== Your task ==
Restate word for word the lines from the one containing "شاليه بجلسة تطل على مسبح خارجي" through the end of the listing below, with both ends included.

== Supplied data ==

☆ ☆ ☆ ☆ ☆ ☆ ☆

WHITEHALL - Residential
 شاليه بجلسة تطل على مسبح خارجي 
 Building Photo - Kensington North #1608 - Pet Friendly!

☆ ☆ ☆ ☆ ☆ ☆ ☆

== Finished task ==
 شاليه بجلسة تطل على مسبح خارجي 
 Building Photo - Kensington North #1608 - Pet Friendly!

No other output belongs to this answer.